Records from a collection
%%

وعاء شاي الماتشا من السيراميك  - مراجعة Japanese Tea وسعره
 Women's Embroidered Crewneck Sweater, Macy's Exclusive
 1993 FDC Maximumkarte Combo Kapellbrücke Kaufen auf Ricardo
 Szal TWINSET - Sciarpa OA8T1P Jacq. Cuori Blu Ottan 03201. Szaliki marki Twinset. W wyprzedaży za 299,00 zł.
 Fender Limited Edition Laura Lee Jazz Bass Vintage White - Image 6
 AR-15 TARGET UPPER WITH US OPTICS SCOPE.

%%

EXERCISE REQUIREMENTS: Set down each record verbatim.

OUTPUT BELOW:
وعاء شاي الماتشا من السيراميك  - مراجعة Japanese Tea وسعره
 Women's Embroidered Crewneck Sweater, Macy's Exclusive
 1993 FDC Maximumkarte Combo Kapellbrücke Kaufen auf Ricardo
 Szal TWINSET - Sciarpa OA8T1P Jacq. Cuori Blu Ottan 03201. Szaliki marki Twinset. W wyprzedaży za 299,00 zł.
 Fender Limited Edition Laura Lee Jazz Bass Vintage White - Image 6
 AR-15 TARGET UPPER WITH US OPTICS SCOPE.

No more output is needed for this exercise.